## Task instructions
The response should be an exact transcription of the data below, free of images.

## Data extract
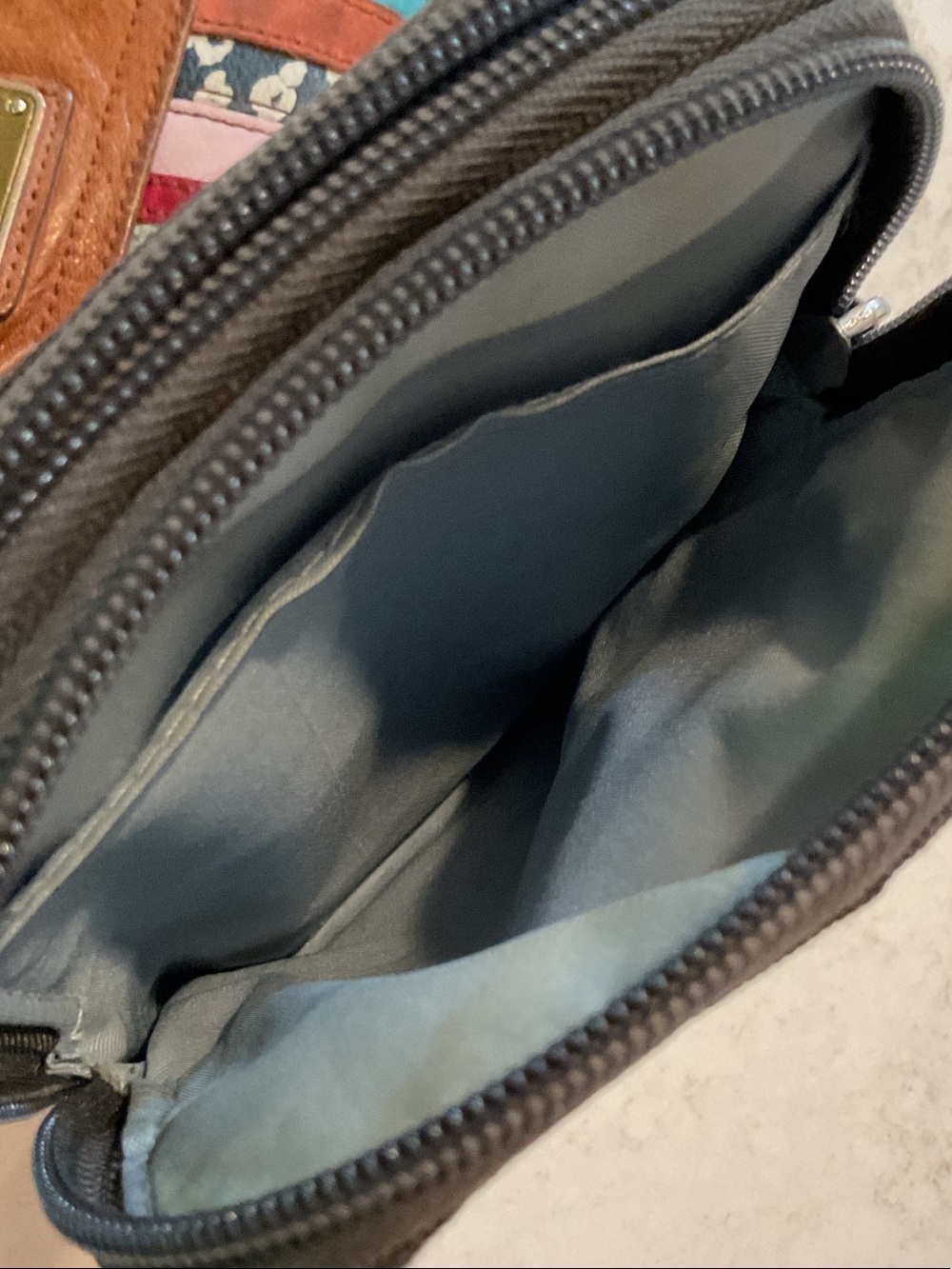 Baggallini True Classic Take Two RFID Crossbody graphite gray LIKE NEW - Picture 15 of 16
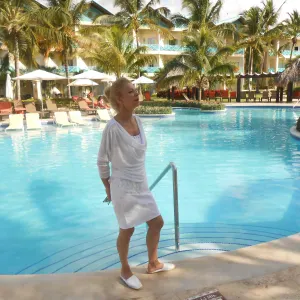 Bonjour, j'ai 60 ans trés sérieuse rigoureuse et disponible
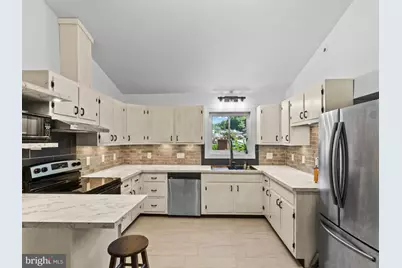 1811 Clayton Drive, Oxon Hill, MD 20745 - Photo 15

## Solution to this exercise
 Baggallini True Classic Take Two RFID Crossbody graphite gray LIKE NEW - Picture 15 of 16
 Bonjour, j'ai 60 ans trés sérieuse rigoureuse et disponible
 1811 Clayton Drive, Oxon Hill, MD 20745 - Photo 15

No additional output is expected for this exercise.